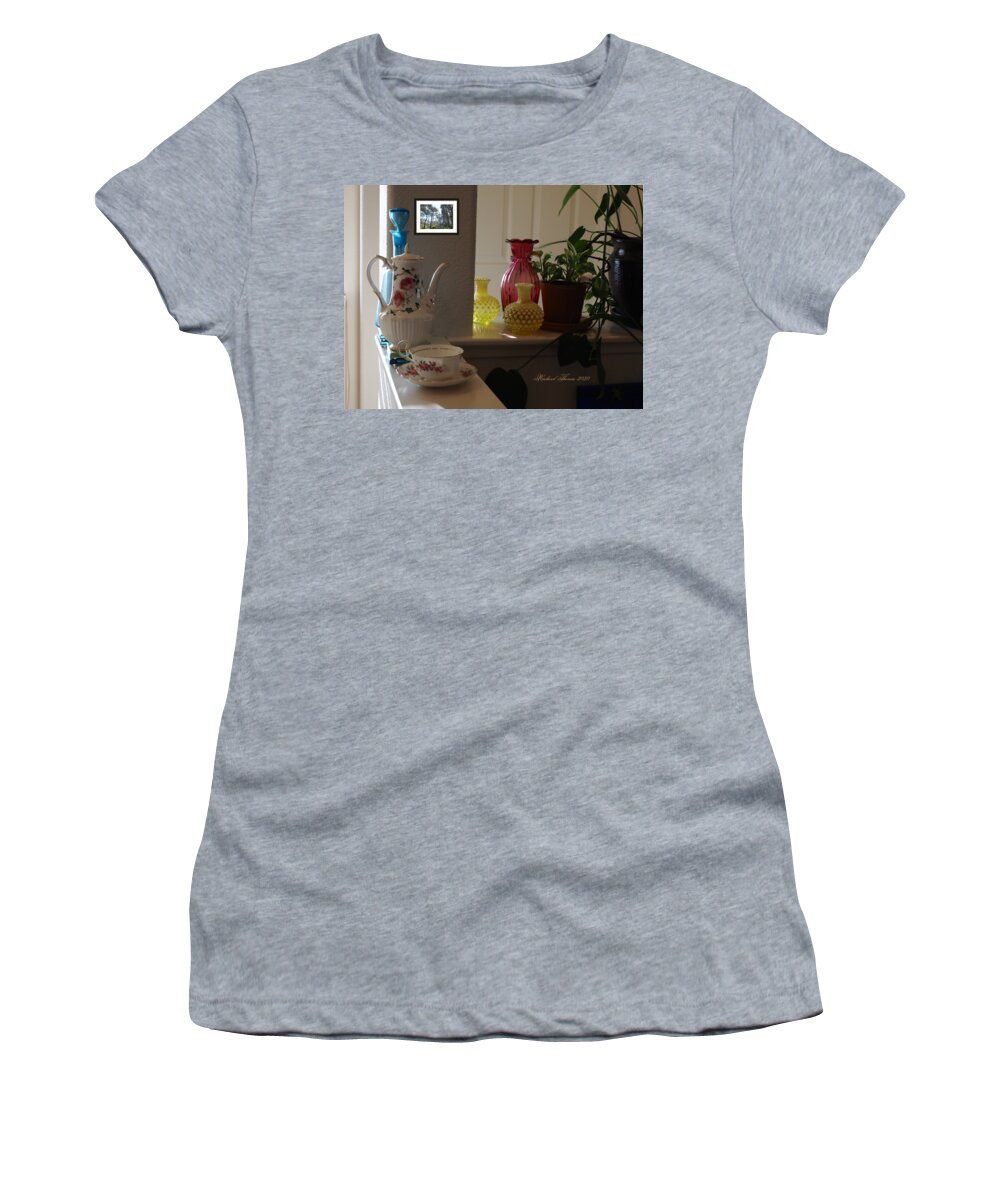 Still Life Women's T-Shirt featuring the photograph Framed Forest by Richard Thomas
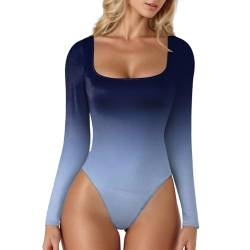 pxjsdwe Body Damen Elegant Bodysuit Women Langarm Baumwolle Schwarz Langarmbody Blusenbody Rollkragenbody Elegant V-Ausschnitt Große Größen Stringbody Body Langarm Oberteile Top von pxjsdwe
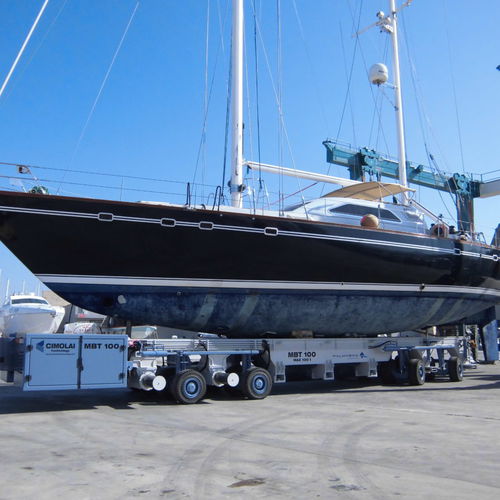 Remolque plataforma - MBT 100 - 15 - CIMOLAI TECHNOLOGY - para barco / de más de 6 ejes / de acoplamiento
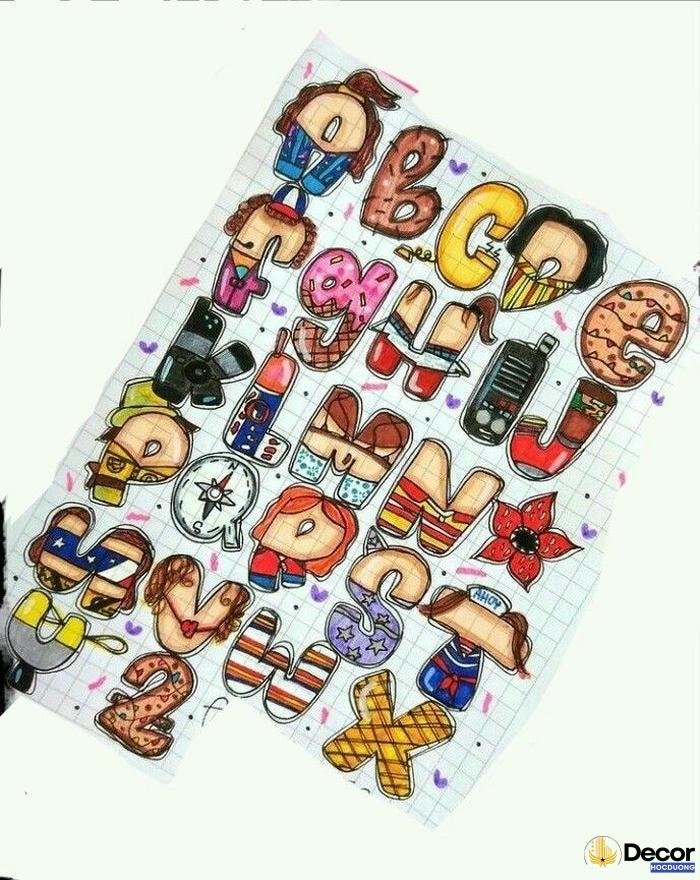 chữ cái trang trí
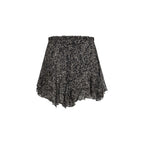 Black Viscose Bermuda Shorts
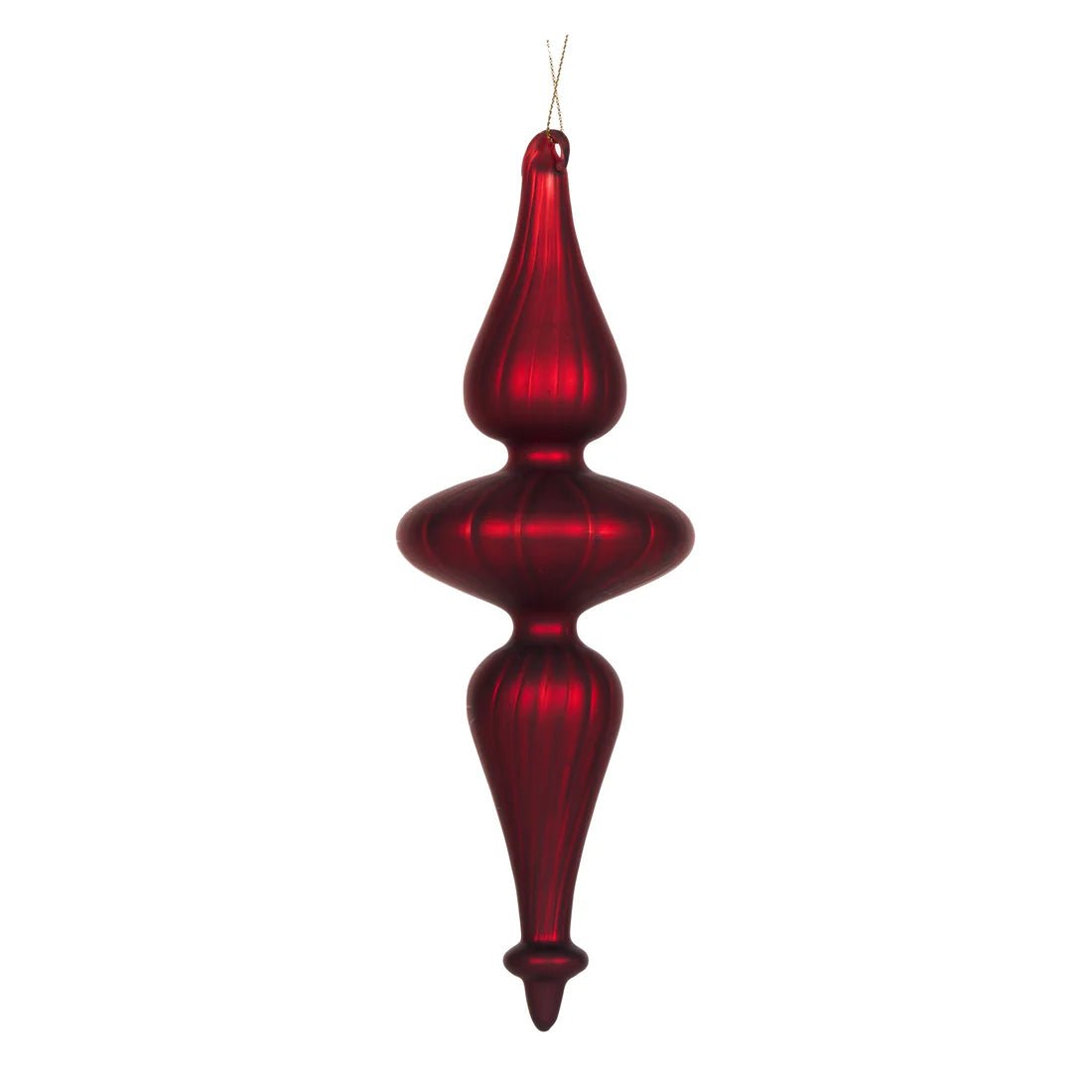 RED FROSTED FINIAL - Pure Apotheca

+-------+

## PROMPT
Repeat exactly the line containing "chữ cái trang trí" and every line after it through the end of the records, and nothing else. Leave the pictures out.

## TASK RESPONSE
 chữ cái trang trí
 Black Viscose Bermuda Shorts
 RED FROSTED FINIAL - Pure Apotheca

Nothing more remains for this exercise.